**Work task:** Return the lines of the material below exactly, beginning with the line that has "Portekiz 'in Azores" in it and finishing with the line that has "Приводим машину в" in it. Leave all pictures aside.
(Beginning of Records provided)
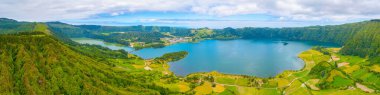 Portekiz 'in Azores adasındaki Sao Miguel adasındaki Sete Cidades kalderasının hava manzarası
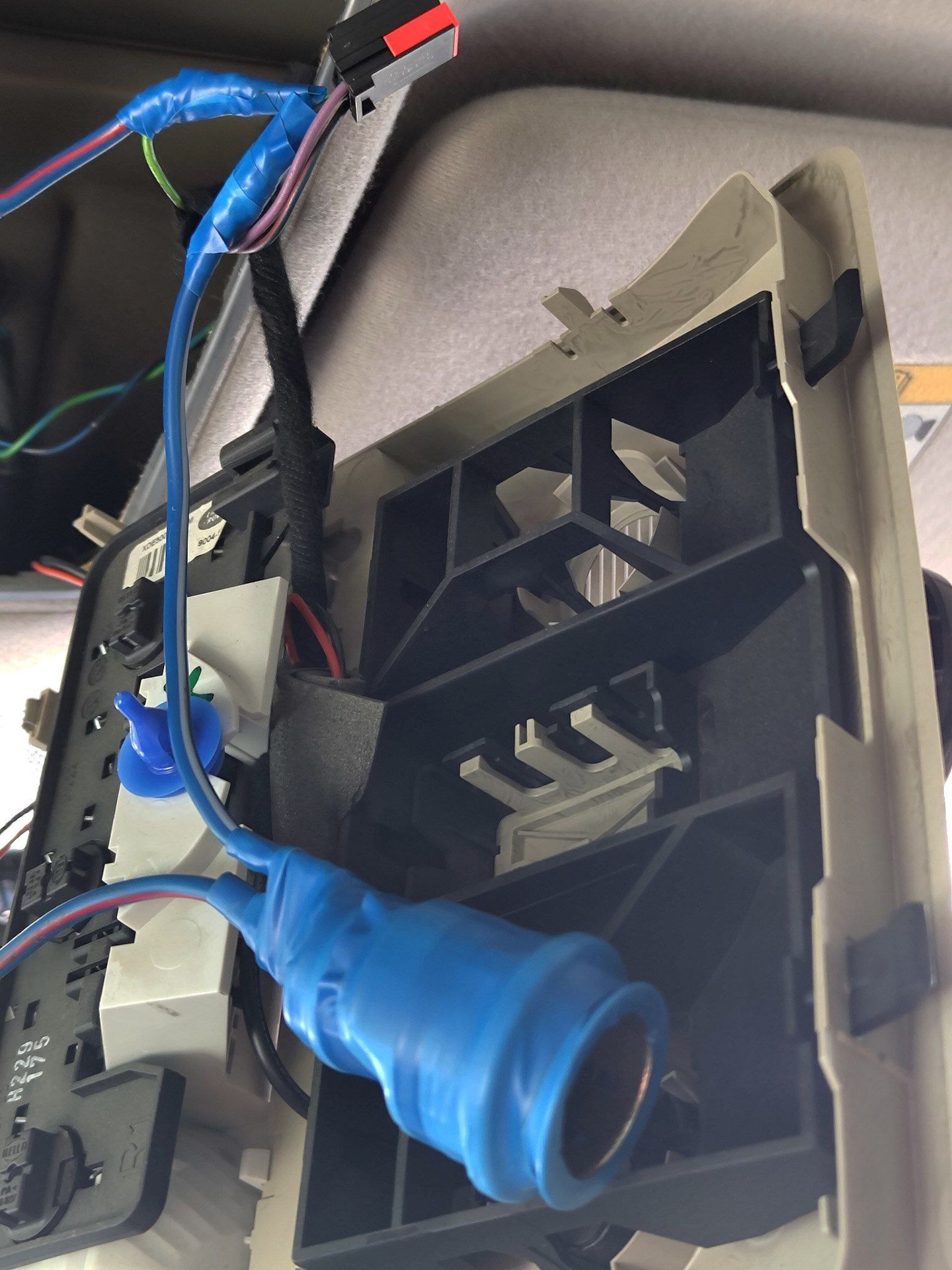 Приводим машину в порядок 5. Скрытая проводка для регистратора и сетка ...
(End of Records provided)
(Beginning of Records provided)
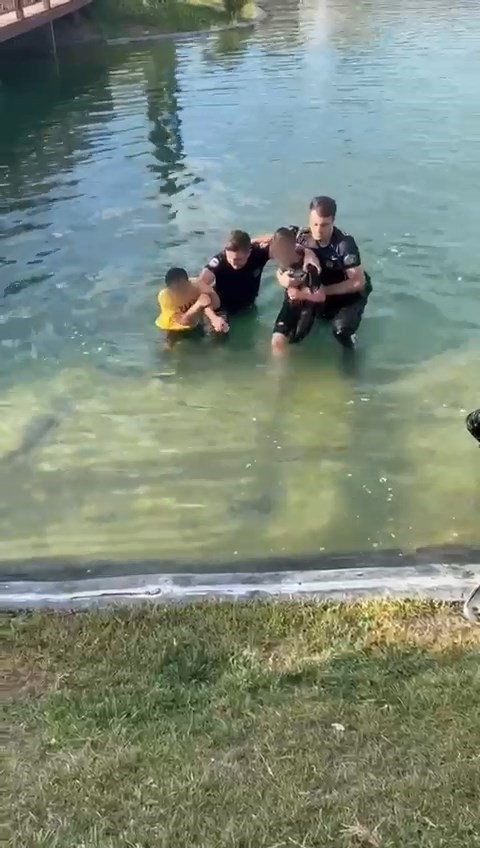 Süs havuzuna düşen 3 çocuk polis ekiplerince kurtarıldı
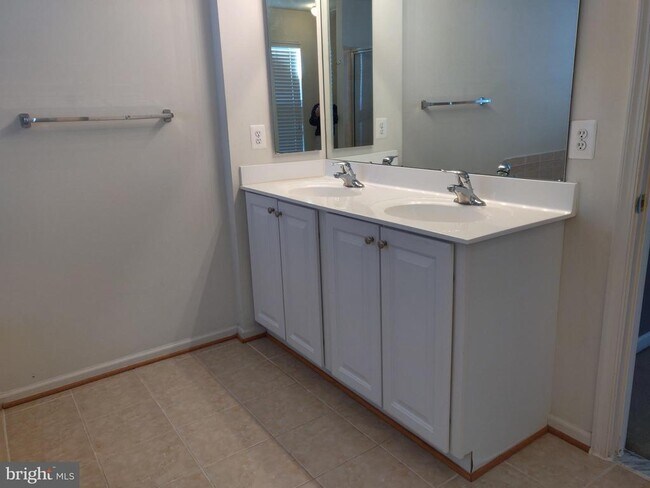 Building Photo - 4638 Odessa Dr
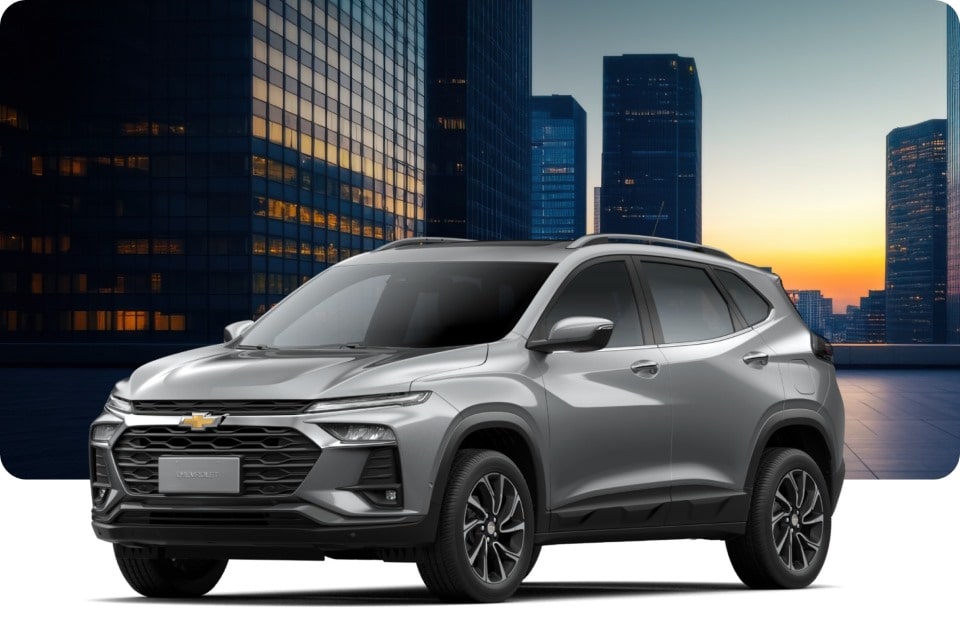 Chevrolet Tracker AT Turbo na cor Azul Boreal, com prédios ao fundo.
(End of Records provided)
**Written response:**
 Portekiz 'in Azores adasındaki Sao Miguel adasındaki Sete Cidades kalderasının hava manzarası
 Приводим машину в порядок 5. Скрытая проводка для регистратора и сетка ...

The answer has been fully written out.